At Cooper Cameron Valves, multitasking machines provide the option of machining parts completely from solid billets instead of castings or forgings. Smith says this drastically reduces lead times and increases flexibility.
Most shops agree that flexibility is a key benefit of multitasking machines in lean-manufacturing environments. Such flexibility not only allows these shops to jump from job to job, but also from industry to industry.
"We are a job shop, so we need machines versatile enough to handle our work for the aircraft, oil and gas industries," says Parrish. He adds that these jobs can involve machining any materials from acrylics and Teflon to 718 Inconel and Monel R400 and K500 to superalloys, and the Mazak machine cuts it all.
Multitasking machines also improve part accuracy. Not having to handle parts between operations eliminates the risk of stacked tolerances, reduces scrap rates and eliminates having to deal with fixturing.
While running a series of Inconel parts on multiple machines, for instance, Advanced Machining & Fabrication experienced a 30-percent scrap rate trying to hold 0.001-in. concentricity. Cutting the parts on its Integrex 100Y multitasking machine from Mazak slashed the rate to 1 percent.

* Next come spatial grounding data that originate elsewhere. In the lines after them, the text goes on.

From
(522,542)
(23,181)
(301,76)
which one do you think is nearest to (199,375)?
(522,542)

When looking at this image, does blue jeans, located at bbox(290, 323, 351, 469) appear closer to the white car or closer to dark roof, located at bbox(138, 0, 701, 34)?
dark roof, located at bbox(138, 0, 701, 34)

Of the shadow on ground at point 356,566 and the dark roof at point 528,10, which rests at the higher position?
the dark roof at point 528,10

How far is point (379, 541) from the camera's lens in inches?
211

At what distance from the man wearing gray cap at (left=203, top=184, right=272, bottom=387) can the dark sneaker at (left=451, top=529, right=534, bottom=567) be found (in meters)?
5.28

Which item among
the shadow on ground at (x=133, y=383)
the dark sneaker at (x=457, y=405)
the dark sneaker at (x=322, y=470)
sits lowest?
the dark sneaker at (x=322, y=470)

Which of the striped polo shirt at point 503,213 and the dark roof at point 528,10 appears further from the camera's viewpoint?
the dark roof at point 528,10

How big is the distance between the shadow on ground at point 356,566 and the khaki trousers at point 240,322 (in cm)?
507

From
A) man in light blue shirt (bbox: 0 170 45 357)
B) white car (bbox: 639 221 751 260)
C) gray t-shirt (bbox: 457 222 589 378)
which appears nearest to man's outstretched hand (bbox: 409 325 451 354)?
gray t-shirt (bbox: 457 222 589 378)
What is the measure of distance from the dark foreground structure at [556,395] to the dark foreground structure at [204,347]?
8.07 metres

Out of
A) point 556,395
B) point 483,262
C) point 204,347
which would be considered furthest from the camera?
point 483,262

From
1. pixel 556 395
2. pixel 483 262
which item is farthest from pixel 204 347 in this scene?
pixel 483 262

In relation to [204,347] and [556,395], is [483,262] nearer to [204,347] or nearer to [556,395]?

Like Advanced Machining & Fabrication, the McKissick Division of The Crosby Group Inc. in Tulsa, Okla., (www.thecrosbygroup.com) meets demanding tolerances with multitasking equipment. "Parts may look the same, but quality requirements are constantly changing," says General Manager Joe Gardner.
The shop manufactures blocks, tackles, hooks, sheaves and other components for cranes and tow trucks. It has improved part quality with its Mazak multitasking machines and simultaneously boosted volumes with the same number of people. For example, trunnion parts that took four to five weeks to produce on six machines now are done in an hour and a half on one Mazak machine.
"In good times, customers want parts fast, meaning shops need to shorten cycle times," says Cooper's Smith, "but in a downturn, they want the same parts at lower prices, forcing us to streamline operations and cut costs. Multitasking machines give us the versatility to succeed in either of these scenarios."
The shop also eliminated 23 pieces of equipment — mostly lathes and machining centers — since it installed its three multitasking machines. And the machines free employees for other, more important operations.